The loss decreases. The model is learning.


Backpropagation: The Mechanism

loss.backward() is where the magic happens. Backpropagation computes the gradient of the loss with respect to every parameter in the network: how much would the loss change if we nudged each weight slightly?

PyTorch builds a computation graph during the forward pass that records every operation. backward() traverses this graph in reverse, applying the chain rule of calculus to propagate gradients from the output layer back to the input layer.

The result: every parameter has a .grad attribute containing its gradient.

# After loss.backward(), check gradients
print("Gradient for layer1 weights:", model.layer1.weight.grad)

The optimizer then uses these gradients to update each parameter:

weight = weight - learning_rate × gradient

This is gradient descent. Do this thousands of times across enough data, and the network converges to a set of weights that minimize the loss.

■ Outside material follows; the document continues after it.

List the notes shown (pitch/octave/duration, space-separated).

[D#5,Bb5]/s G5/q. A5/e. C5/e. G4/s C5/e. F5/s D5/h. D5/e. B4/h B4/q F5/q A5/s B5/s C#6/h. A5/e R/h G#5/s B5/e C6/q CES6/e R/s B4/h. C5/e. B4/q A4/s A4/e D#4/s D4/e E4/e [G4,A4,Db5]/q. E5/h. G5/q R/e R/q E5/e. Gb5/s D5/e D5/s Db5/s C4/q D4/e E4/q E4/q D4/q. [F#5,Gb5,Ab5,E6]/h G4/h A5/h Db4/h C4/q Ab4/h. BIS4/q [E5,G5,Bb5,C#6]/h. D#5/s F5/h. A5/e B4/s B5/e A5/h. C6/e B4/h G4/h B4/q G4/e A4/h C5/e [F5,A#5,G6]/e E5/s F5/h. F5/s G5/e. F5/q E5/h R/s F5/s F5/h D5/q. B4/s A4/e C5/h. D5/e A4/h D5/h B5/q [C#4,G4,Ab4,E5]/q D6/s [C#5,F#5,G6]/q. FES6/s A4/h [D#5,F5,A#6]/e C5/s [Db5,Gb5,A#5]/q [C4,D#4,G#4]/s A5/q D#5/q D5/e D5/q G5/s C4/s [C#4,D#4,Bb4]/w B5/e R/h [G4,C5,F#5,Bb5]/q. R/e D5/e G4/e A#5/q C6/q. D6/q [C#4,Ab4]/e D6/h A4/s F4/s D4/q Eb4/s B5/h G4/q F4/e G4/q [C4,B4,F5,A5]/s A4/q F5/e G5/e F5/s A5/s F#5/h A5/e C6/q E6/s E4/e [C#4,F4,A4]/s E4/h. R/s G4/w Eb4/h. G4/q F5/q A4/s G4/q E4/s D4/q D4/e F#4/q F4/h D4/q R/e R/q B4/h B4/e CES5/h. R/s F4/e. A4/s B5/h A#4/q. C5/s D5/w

Evaluating the Trained Model

model.eval()  # Disable dropout and batch norm training behavior
with torch.no_grad():  # Disable gradient computation
    predictions = model(X)
    predicted_classes = (predictions > 0.5).float()

print("Predictions:")
for i in range(len(X)):
    print(f"  Input: {X[i].tolist()} → "
          f"Raw: {predictions[i].item():.4f} → "
          f"Class: {int(predicted_classes[i].item())}")

Output after training:

Predictions:
  Input: [0.0, 0.0] → Raw: 0.0312 → Class: 0  ✓
  Input: [0.0, 1.0] → Raw: 0.9687 → Class: 1  ✓
  Input: [1.0, 0.0] → Raw: 0.9701 → Class: 1  ✓
  Input: [1.0, 1.0] → Raw: 0.0289 → Class: 0  ✓

The network correctly learned XOR, a non-linearly separable function that a single linear model cannot solve.


The Mental Model for Engineers

If you think of a neural network as software, here’s the mapping:

Neural Network Concept Software Analogy
Weights & biases Tunable configuration parameters
Forward pass Function call with return value
Loss function Test suite that measures prediction quality
Backpropagation Automated differentiation of the error signal
Gradient descent Parameter update loop that minimizes loss
Training The build/compile step that produces a trained model
Inference Running the compiled artifact on new inputs

The fundamental difference from traditional software: you don’t write the logic. You define the architecture (the function shape) and the objective (the loss function), then let the optimization process find the logic through exposure to data.


What This Unlocks

Once you have this foundation, the rest of the AI landscape becomes navigable:

  • Convolutional Neural Networks (CNNs): the same architecture with specialized layers for spatial data (images)
  • Transformers: the architecture behind LLMs, using attention mechanisms to handle sequences
  • Embeddings: compressed numerical representations that capture semantic meaning, enabling similarity search
  • Fine-tuning: taking a pre-trained model and continuing training on your specific domain data

Each of these is an extension of the same core ideas: parameters, forward pass, loss, backpropagation, optimization.

The field moves fast, but the fundamentals are stable. Start here, and everything else builds naturally.